Who Is Already Using It?
Lakewatch is currently in Private Preview, meaning it is not yet available to the general public. But it already has some notable early customers.
Lakewatch is launching in Private Preview, with customers including industry leaders like Adobe and Dropbox.
“As the volume of security data grows, organizations need new ways to analyze and act on that information quickly and at scale,” said Karthik Venkatesan, Security Engineering Lead at Adobe. “Databricks provides the foundation needed to move from data-driven to AI-driven approaches for security operations, and Lakewatch is an important step toward bringing security intelligence closer to where data already lives.”
Having Adobe and Dropbox in your early access program is not a small thing. Both companies manage vast volumes of sensitive user data and operate at a massive scale. Their participation lends real credibility to Lakewatch’s enterprise-grade ambitions.
An Open Ecosystem Built for the Long Term
Databricks is not trying to build a closed, proprietary fortress. Its strategy is openly collaborative — and that matters for enterprise adoption.

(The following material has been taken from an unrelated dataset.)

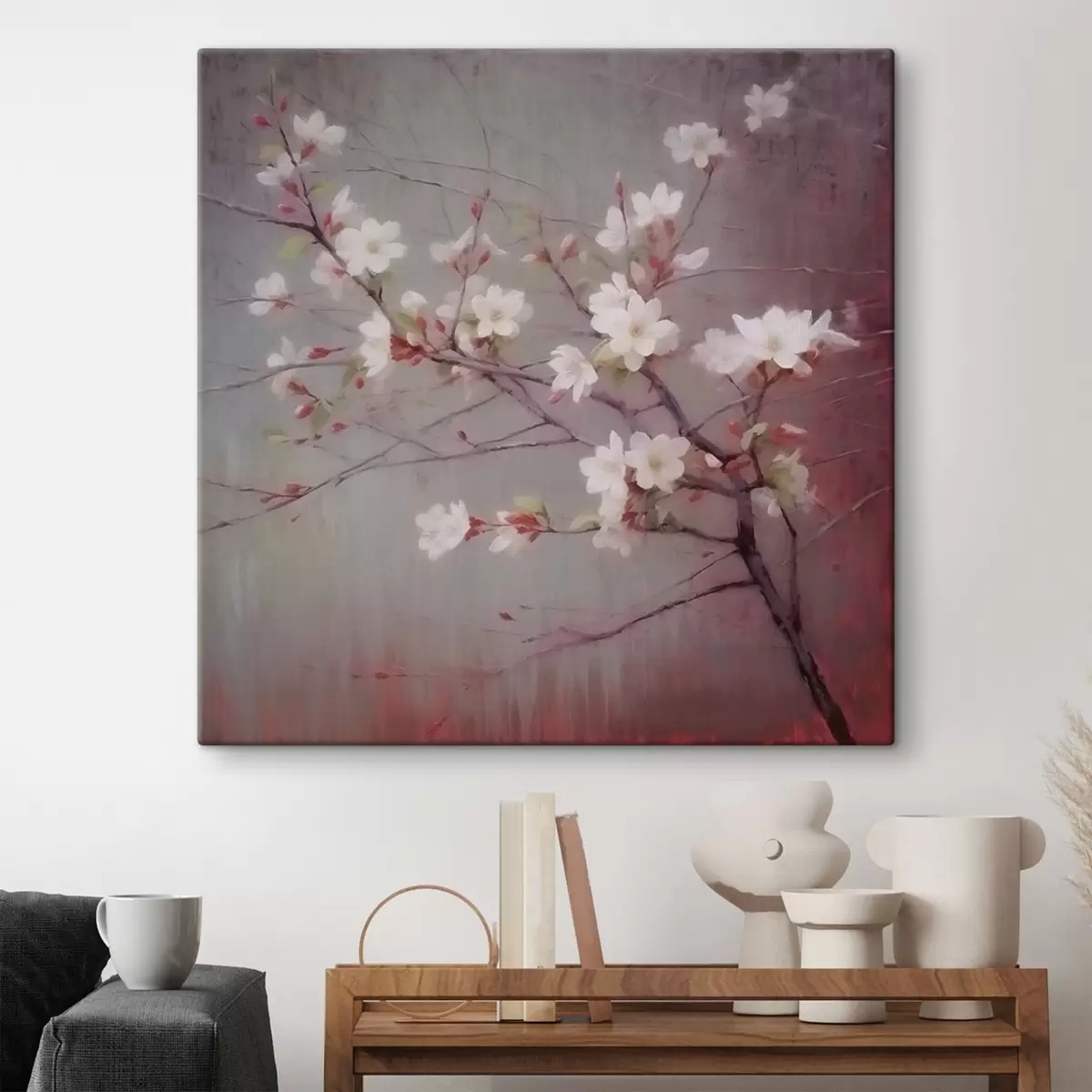 carta da parati Un ramo con fiori bianchi nr. s42339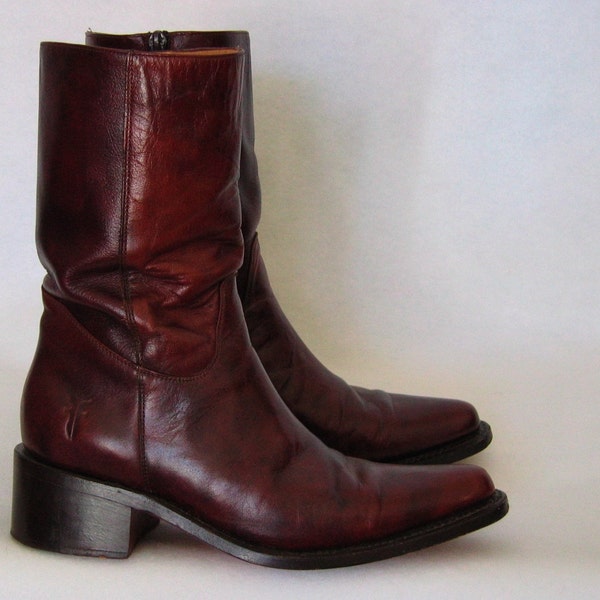 OXBLOOD leather FRYE cowgirl boots 6.5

Databricks’ new Open Security Lakehouse Ecosystem is a fast-growing group of leading security vendors and delivery partners, including Akamai, Anvilogic, Arctic Wolf, Cribl, Obsidian, Okta, Palo Alto Networks, 1Password, Panther, Proofpoint, Rearc, Slack, TrendAI, Wiz (now part of Google Cloud), and Zscaler.

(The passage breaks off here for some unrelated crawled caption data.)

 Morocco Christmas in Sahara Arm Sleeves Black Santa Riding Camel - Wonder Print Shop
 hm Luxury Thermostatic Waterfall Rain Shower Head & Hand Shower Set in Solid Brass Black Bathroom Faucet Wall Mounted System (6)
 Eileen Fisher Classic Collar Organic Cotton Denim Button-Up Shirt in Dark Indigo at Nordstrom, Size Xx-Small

Additionally, Lakewatch supports Detection-as-Code, meaning teams can manage detections as code with automated testing and deployment to ensure defense is always version-controlled and verified.
This approach treats security rules the same way software engineers treat application code — with version control, testing, and repeatable deployments. It is a modern methodology that many enterprise security teams have been pushing toward for years.
What the CEO Says
Databricks co-founder and CEO Ali Ghodsi did not mince words about the state of enterprise security.

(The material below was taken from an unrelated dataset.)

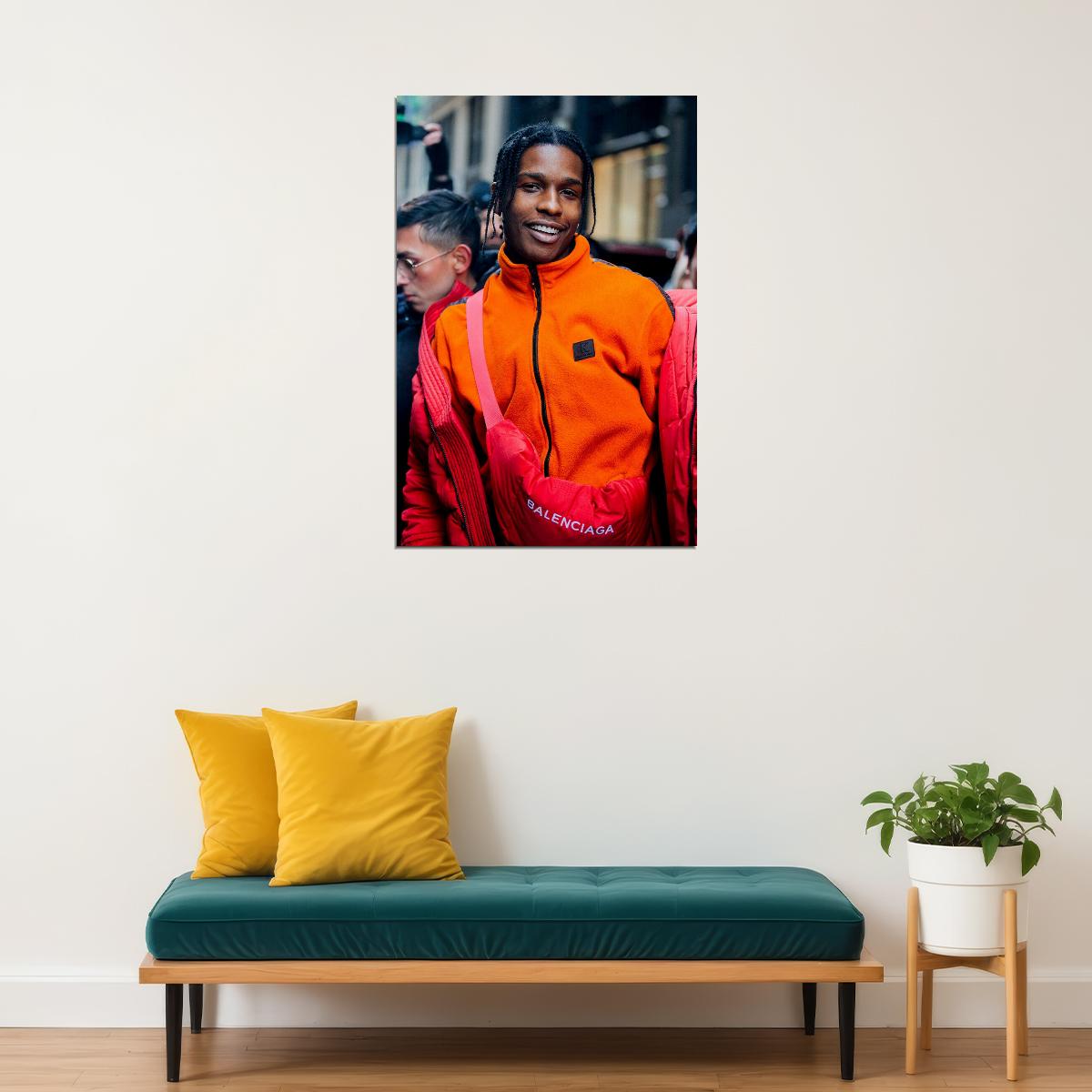 Asap Rocky Rap Music Star Hip Hop Rapper Fashion Icon Poster Wall Art Print Home Wall Decor - xonomax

“Security teams can no longer rely on manual workflows to outpace AI-driven attacks,” Ghodsi said. “With Lakewatch, we are giving enterprises a new open data architecture and agentic capabilities to replace stagnating SIEM tools. Defenders must have even better visibility and speed than today’s agent attackers.”
That last sentence captures the core logic of Lakewatch: if attackers are using AI, defenders need AI too. And they need it to be faster, smarter, and more scalable than anything that came before.
The Bigger Picture: A Data Company Becomes a Security Company
Lakewatch is not just a product launch. It represents a strategic shift for Databricks.
The companies that manage your data are entering the market to secure it, too. If you believe security is a data problem at its core, the moves by Databricks — as well as Elastic and ServiceNow — make sense.
There is a compelling logic here. Databricks already holds an enormous amount of enterprise data. It already knows how to process that data at scale. Adding a security layer on top of that infrastructure is a natural evolution — and potentially a disruptive one for legacy SIEM vendors who have not kept pace.
Databricks is betting it can capture market share from enterprises resisting the platformization pitch from the likes of CrowdStrike and Palo Alto Networks.
Bottom Line
Lakewatch is a genuinely ambitious product. It combines AI agents, Claude’s advanced reasoning, a lakehouse data architecture, and a growing open ecosystem — all aimed at a cybersecurity market that has been ripe for disruption for years.
The threat landscape is evolving at machine speed. AI has given hackers tools to wage more sophisticated attacks, and they are doing it faster than ever. Traditional security platforms were not built for this reality.
Whether it delivers on that promise at scale remains to be seen. But the combination of Databricks’ data platform strength, Anthropic’s Claude models, two targeted acquisitions, and early backing from enterprise heavyweights like Adobe and Dropbox makes this one of the most credible new entries in enterprise security in years.